From the entries below, return every line that includes the word "Title".

BEGIN

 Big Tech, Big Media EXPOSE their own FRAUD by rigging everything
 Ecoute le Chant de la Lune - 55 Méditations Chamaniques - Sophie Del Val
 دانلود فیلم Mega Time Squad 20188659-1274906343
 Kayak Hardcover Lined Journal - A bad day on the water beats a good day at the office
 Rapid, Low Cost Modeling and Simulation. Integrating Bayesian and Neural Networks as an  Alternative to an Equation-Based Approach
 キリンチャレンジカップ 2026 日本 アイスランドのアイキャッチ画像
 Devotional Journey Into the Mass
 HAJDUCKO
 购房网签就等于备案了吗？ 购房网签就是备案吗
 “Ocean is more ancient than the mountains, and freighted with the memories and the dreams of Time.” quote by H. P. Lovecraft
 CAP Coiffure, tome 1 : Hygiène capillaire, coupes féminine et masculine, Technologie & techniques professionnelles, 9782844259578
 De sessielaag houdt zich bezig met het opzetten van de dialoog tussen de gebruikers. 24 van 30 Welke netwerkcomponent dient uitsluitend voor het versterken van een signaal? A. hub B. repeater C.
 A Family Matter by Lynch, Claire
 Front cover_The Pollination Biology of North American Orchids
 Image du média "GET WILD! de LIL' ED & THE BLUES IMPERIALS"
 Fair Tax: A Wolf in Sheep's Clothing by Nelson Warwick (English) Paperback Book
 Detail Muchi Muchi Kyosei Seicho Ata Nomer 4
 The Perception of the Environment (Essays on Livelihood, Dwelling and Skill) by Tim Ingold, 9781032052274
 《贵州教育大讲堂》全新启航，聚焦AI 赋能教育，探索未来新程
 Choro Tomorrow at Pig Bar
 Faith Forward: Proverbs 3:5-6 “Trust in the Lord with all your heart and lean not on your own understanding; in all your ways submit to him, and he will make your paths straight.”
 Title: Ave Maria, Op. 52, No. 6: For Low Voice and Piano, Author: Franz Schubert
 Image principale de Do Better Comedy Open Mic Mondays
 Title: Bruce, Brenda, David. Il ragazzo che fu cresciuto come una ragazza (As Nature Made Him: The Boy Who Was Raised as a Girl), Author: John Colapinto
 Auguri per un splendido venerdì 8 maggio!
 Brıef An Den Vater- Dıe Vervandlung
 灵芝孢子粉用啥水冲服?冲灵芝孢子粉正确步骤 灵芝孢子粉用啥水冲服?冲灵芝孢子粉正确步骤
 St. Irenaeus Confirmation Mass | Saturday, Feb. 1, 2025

END

▶ _WRITTEN ANSWER_:
 Title: Ave Maria, Op. 52, No. 6: For Low Voice and Piano, Author: Franz Schubert
 Title: Bruce, Brenda, David. Il ragazzo che fu cresciuto come una ragazza (As Nature Made Him: The Boy Who Was Raised as a Girl), Author: John Colapinto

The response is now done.